S’il fallait matérialiser les rumeurs du gros village de N’Djaména en évènements réels, il y a longtemps que nous aurions ravi la vedette à Sadr City, le quartier rebelle de Bagdad ! En effet, les tchadiens ont cette prétention de produire de l’eau fraîche dans des récipients posés sur des braises ardentes. Ces derniers temps, les contradictions récurrentes de la vie publique nationale ont quitté les sentiers du maquis (la fameuse montagne aux hyènes Hadjer Marfaïne) pour converger vers la capitale, à l’occasion des signatures d’accords dits « classiques » avec les politico-militaires (spécificité tchadienne) d’une part, et de l’accord « historique » avec l’opposition civile. Deux visions toujours divergentes des symboliques de l’Etat tchadien.

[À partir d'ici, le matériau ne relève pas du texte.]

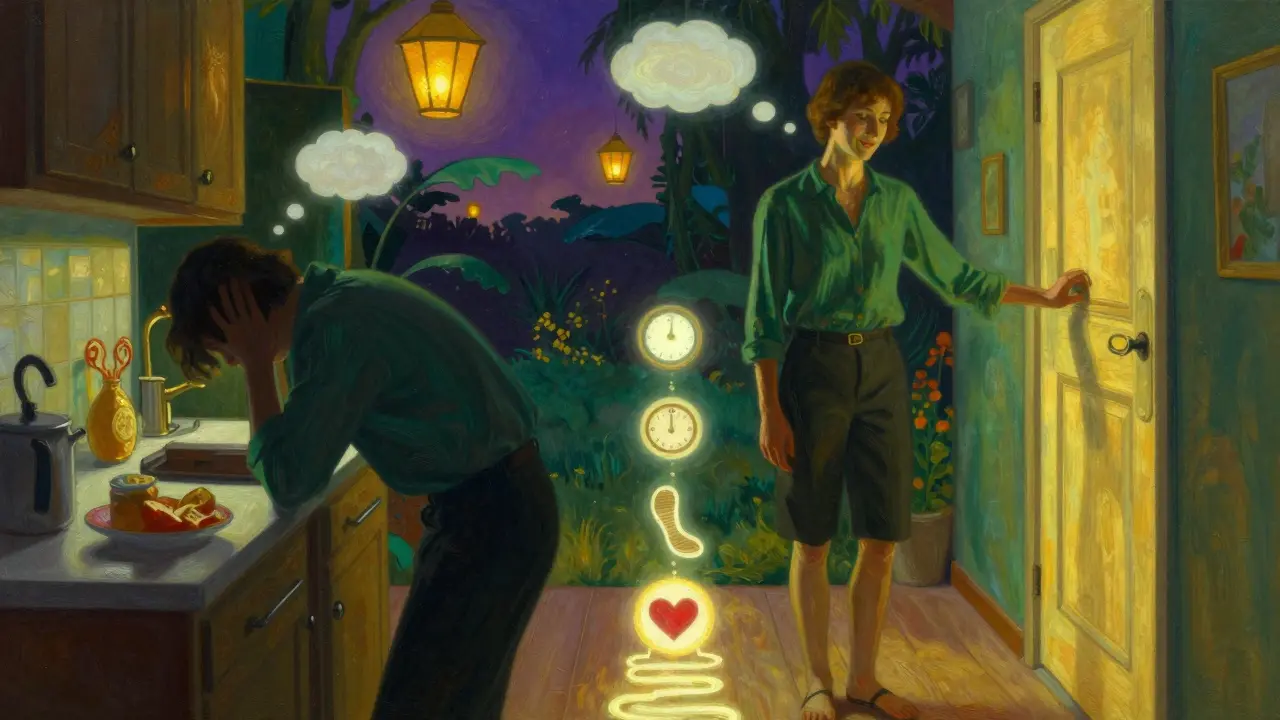 Dos versiones de una persona: una con culpa en la cocina, otra en paz cerrando el armario, conectadas por un sendero luminoso.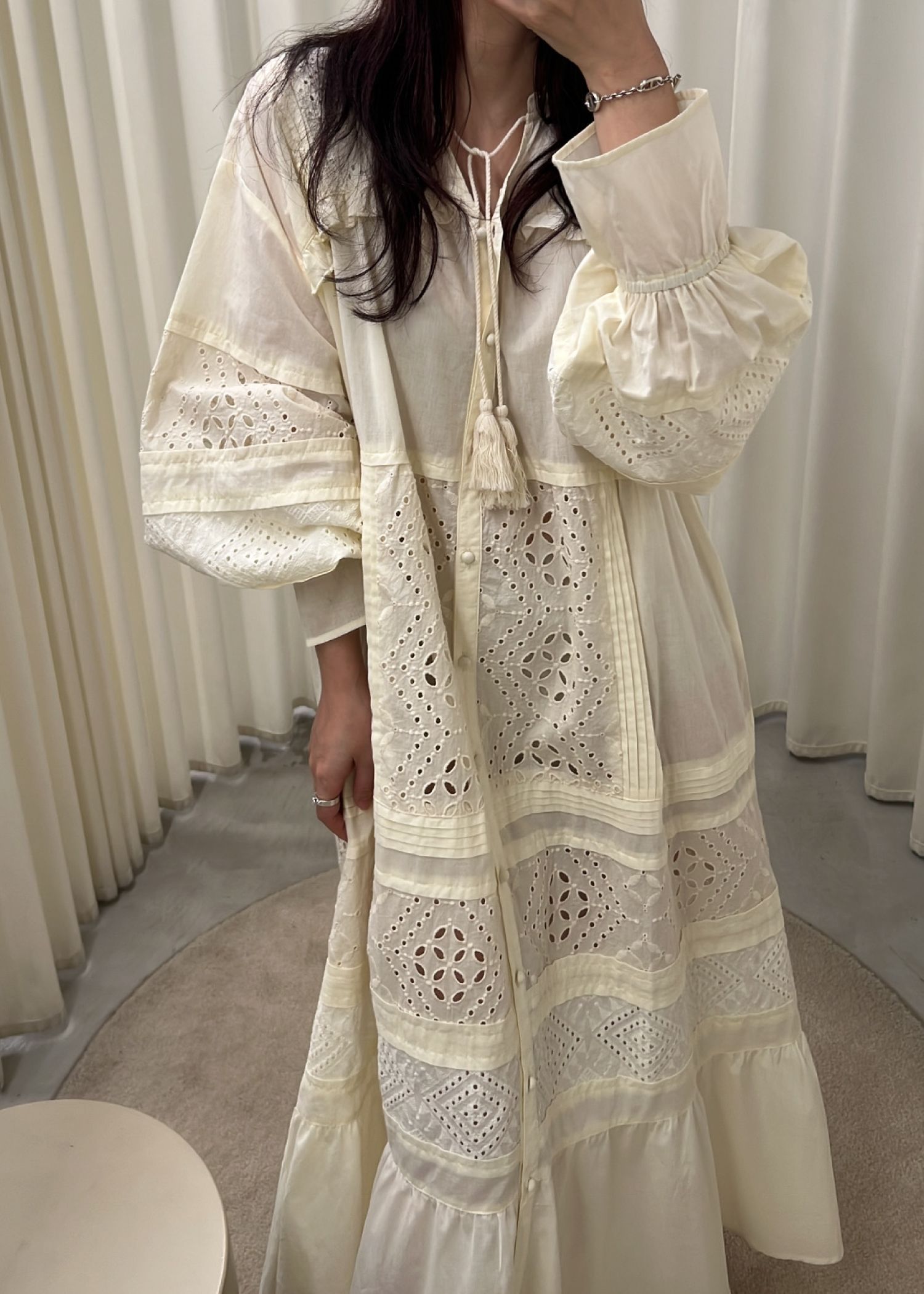 ティアードワンピース (ナチュラル) pieced cotton lace tiered volume OP (Natural) /  26SS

1) La première catégorie d’accords baptisés par l’un des grands ministres ‘accords classiques’, c'est-à-dire sans concession sur l’essentiel, devrait permettre à des groupes tribaux armés du Nord et du Nord-Est, de revenir en force dans la gestion du pays, aux côtés du pouvoir actuel. Un retour possible, dans la mesure où ces groupes répondent de la même philosophie de l’Etat et de la république que tous ceux qui se sont succédé depuis une vingtaine d’années à N’Djaména. Une fois de plus, leurs combattants issus pour la plupart des mêmes souches régionales que leurs chefs, viendront grossir le nombre de gradés et autres intrus de l’armée, aux frais du trésor public. Le défi pour le pouvoir en place, consisterait à les contenir, pour éviter qu’ils ne deviennent à l’intérieur de la grande muette, le levier par lequel le pire arrive un jour. Aucun « politico-militaire » rentré au bercail, n’a été capable, depuis décembre 1990, de se muer en parti politique civil, pourquoi ?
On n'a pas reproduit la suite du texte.